How to mirror the Russian Wikipedia with Debian and Kiwix

By

It has been reported that the Russian government has threatened to block access to Wikipedia for documenting narratives that do not agree with the official position of the Russian government.

One of the anti-censorship strategies I've been working on is Kiwix, an offline Wikipedia reader (and plenty of other content too). Kiwix is free and open source software developed by a great community of people that I really enjoy working with.

With threats of censorship, traffic to Kiwix has increased fifty-fold, with users from Russia accounting for 40% of new downloads!

You can download copies of every language of Wikipedia for offline reading and distribution, as well as hosting your own read-only mirror, which I'm going to explain today.

Disclaimer: depending on where you live it may be illegal or get you in trouble with the authorities to rehost Wikipedia content, please be aware of your digital and physical safety before proceeding.

With that out of the way, let's get started. You'll need a Debian (or Ubuntu) server with at least 30GB of free disk space. You'll also want to have a webserver like Apache or nginx installed (I'll share the Apache config here).

First, we need to download the latest copy of the Russian Wikipedia.

$ wget 'https://download.kiwix.org/zim/wikipedia/wikipedia_ru_all_maxi_2022-03.zim'

If the download is interrupted or fails, you can use wget -c $url to resume it.

Next let's install kiwix-serve and try it out. If you're using Ubuntu, I strongly recommend enabling our Kiwix PPA first.

$ sudo apt update
$ sudo apt install kiwix-tools
$ kiwix-serve -p 3004 wikipedia_ru_all_maxi_2022-03.zim

At this point you should be able to visit http://yourserver.com:3004/ and see the Russian Wikipedia. Awesome! You can use any available port, I just picked 3004.

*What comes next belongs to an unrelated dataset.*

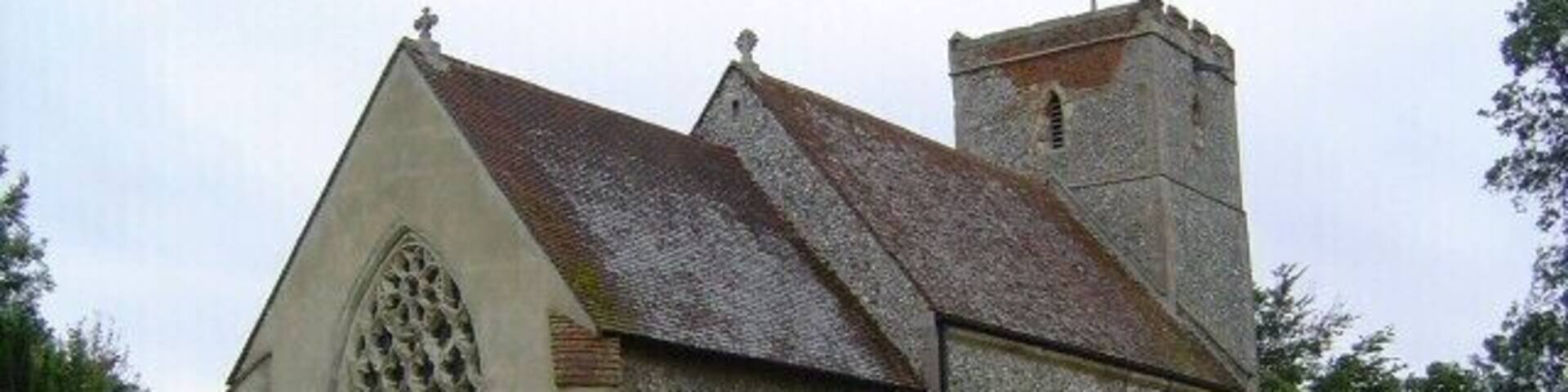 Church of England parish church of St Mary, Reed, Hertfordshire: view from the north-east, showing the chancel east window, which has five lights and reticulated tracery.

Now let's use systemd to daemonize it so it runs in the background. Create /etc/systemd/system/kiwix-ru-wp.service with the following:

[Unit]
Description=Kiwix Russian Wikipedia

[Service]
Type=simple
User=www-data
ExecStart=/usr/bin/kiwix-serve -p 3004 /path/to/wikipedia_ru_all_maxi_2022-03.zim
Restart=always

[Install]
WantedBy=multi-user.target

Now let's start it and enable it at boot:

$ sudo systemctl start kiwix-ru-wp
$ sudo systemctl enable kiwix-ru-wp

Since we want to expose this on the public internet, we should put it behind a more established webserver and configure HTTPS.

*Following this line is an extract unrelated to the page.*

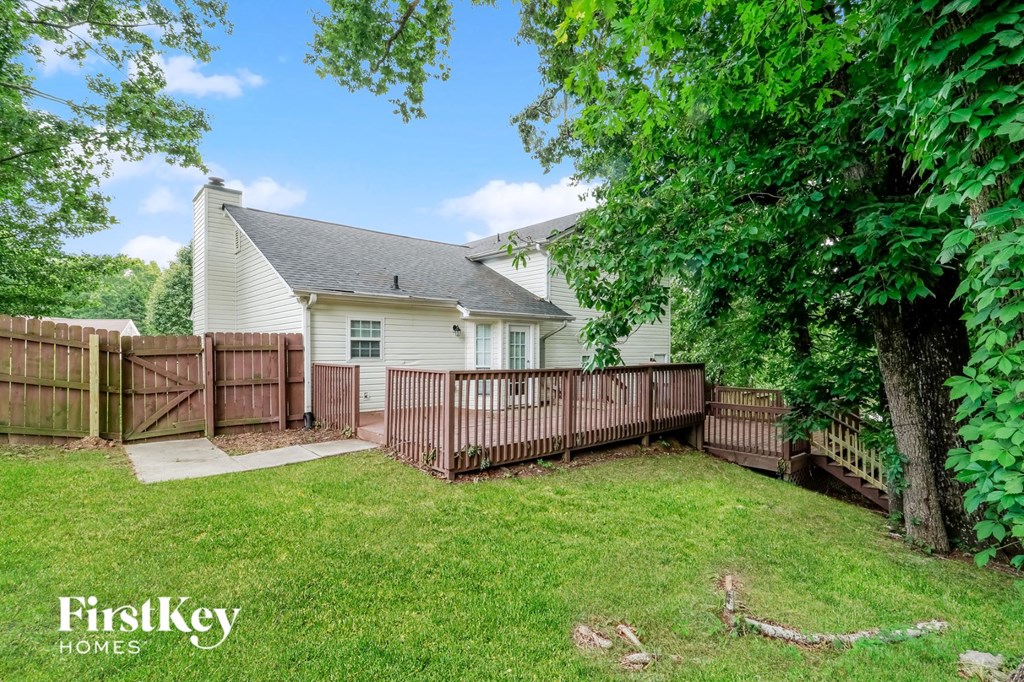 a backyard with a fence and a white house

Here's the Apache httpd configuration I used:

<VirtualHost *:80>
        ServerName ru-wp.yourserver.com

        ServerAdmin webmaster@localhost
        DocumentRoot /var/www/html

        ErrorLog ${APACHE_LOG_DIR}/error.log
        CustomLog ${APACHE_LOG_DIR}/access.log combined

        <Proxy *>
                Require all granted
        </Proxy>

        ProxyPass / http://127.0.0.1:3004/
        ProxyPassReverse / http://127.0.0.1:3004/
</VirtualHost>

Put that in /etc/apache2/sites-available/kiwix-ru-wp.conf and run:

$ sudo a2ensite kiwix-ru-wp
$ sudo systemctl reload apache2

Finally, I used certbot to enable HTTPS on that subdomain and redirect all HTTP traffic over to HTTPS. This is an interactive process that is well documented so I'm not going to go into it in detail.

You can see my mirror of the Russian Wikipedia, following these instructions, at https://ru-wp.legoktm.com/. Anyone is welcome to use it or distribute the link, though I am not committing to running it long-term.

This is certainly not a perfect anti-censorship solution, the copy of Wikipedia that Kiwix provides became out of date the moment it was created, and the setup described here will require you to manually update the service when the new copy is available next month.

Finally, if you have some extra bandwith, you can also help seed this as a torrent.